Need a revolution to save the Earth from climate change: Pope

The Vatican head warns that the planet is beginning to look like an immense pile of filth

 
By Rajit Sengupta
Published: Thursday 18 June 2015

The Pope blames fossil fuels and deforestation for global warming (Credit: Roman Catholic Archdiocese of Boston)

The Pope has asked the world’s rich to pay for taking concrete steps on climate change, warning that the failure to do so will cause “undeniable risk” to humanity.

In a sharply worded manifesto, he said climate change “represents one of the principal challenges facing humanity in our day” and blamed “intensive use of fossil fuels” and “deforestation for agricultural purposes” for the same.

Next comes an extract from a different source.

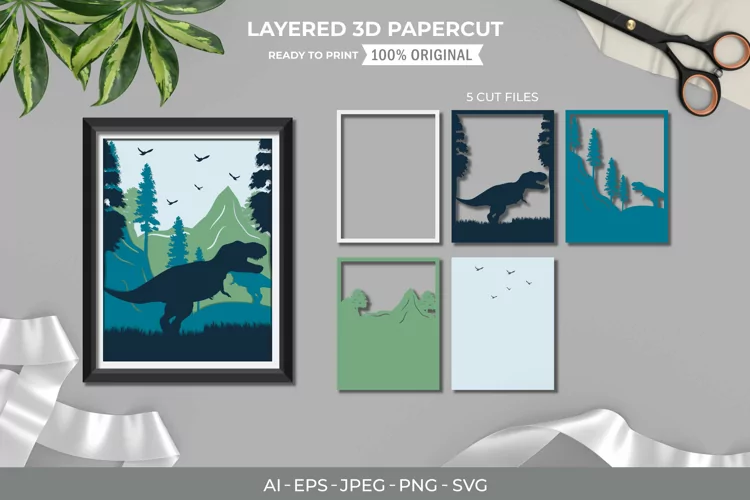 3D Papercut Dinosaurs Park Layered Template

“Climate change is a global problem with grave implications: environmental, social, economic, political and for the distribution of goods… Doomsday predictions can no longer be met with irony or disdain,” reads the manifesto.

“The foreign debt of poor countries has become a way of controlling them, yet this is not the case where ecological debt is concerned. In different ways, developing countries, where the most important reserves of the biosphere are found, continue to fuel the development of richer countries at the cost of their own present and future.”

“The developed countries ought to help pay this debt by significantly limiting their consumption of non-renewable energy and by assisting poorer countries to support policies and programmes of sustainable development,” reads the 180-page encyclical on the environment.

Citing a “very solid scientific consensus” that indicates that the world is witnessing “a disturbing warming”, Pope Francis called for a “bold cultural revolution” to halt humanity’s spiral into self-destruction. “There can be no renewal of our relationship with nature without a renewal of humanity itself.”

The Argentinean pontiff also applauds scientists for finding solution to man-made problems, and lashes out at those who intervene in the service of “finance and consumerism”.

“In the meantime, economic powers continue to justify the current global system where priority tends to be given to speculation and the pursuit of financial gain, which fail to take the context into account, let alone the effects on human dignity and the natural environment,” the encyclical reads.

He calls access to safe water a “basic and universal human right” and says depriving the poor of access to water is akin to denying the right to a life.

The Pope’s statement on July 18 came in the form of an encyclical, a letter traditionally addressed to the more than 1 billion Catholics across the globe. An encyclical is among the church’s most authoritative teaching documents. But Francis has set his sights beyond the circle of his church as he addresses the encyclical “every person living on this planet”. While not present at the conference, the Pope last week had said that he hopes his message will be embraced with an open spirit.

Interestingly, this is not the first time he has raised concerns over climate change. His statement made in January this year sparked a worldwide controversy and even divided conservative and liberal Catholics, particularly in the United States.

“I don’t know if it is all (man’s fault) but the majority is, for the most part, it is man who continuously slaps down nature,” he had told reporters during a flight from Sri Lanka to Manila.

Papal comments
 
“If present trends continue, this century may well witness extraordinary climate change and an unprecedented destruction of ecosystems, with serious consequences for all of us.”

“The failure of global summits on the environment make(s) it plain that our politics are subject to technology and finance.”

“The social dimensions of global change include the effects of technological innovations on employment, social exclusion, an inequitable distribution and consumption of energy and other services, increased violence… drug trafficking, and the loss of identity.”

“Here we see how environmental deterioration and human and ethical degradation are closely linked. Many people will deny doing anything wrong because distractions constantly dull our consciousness… As a result, whatever is fragile, like the environment, is defenceless before the interests of a deified market”.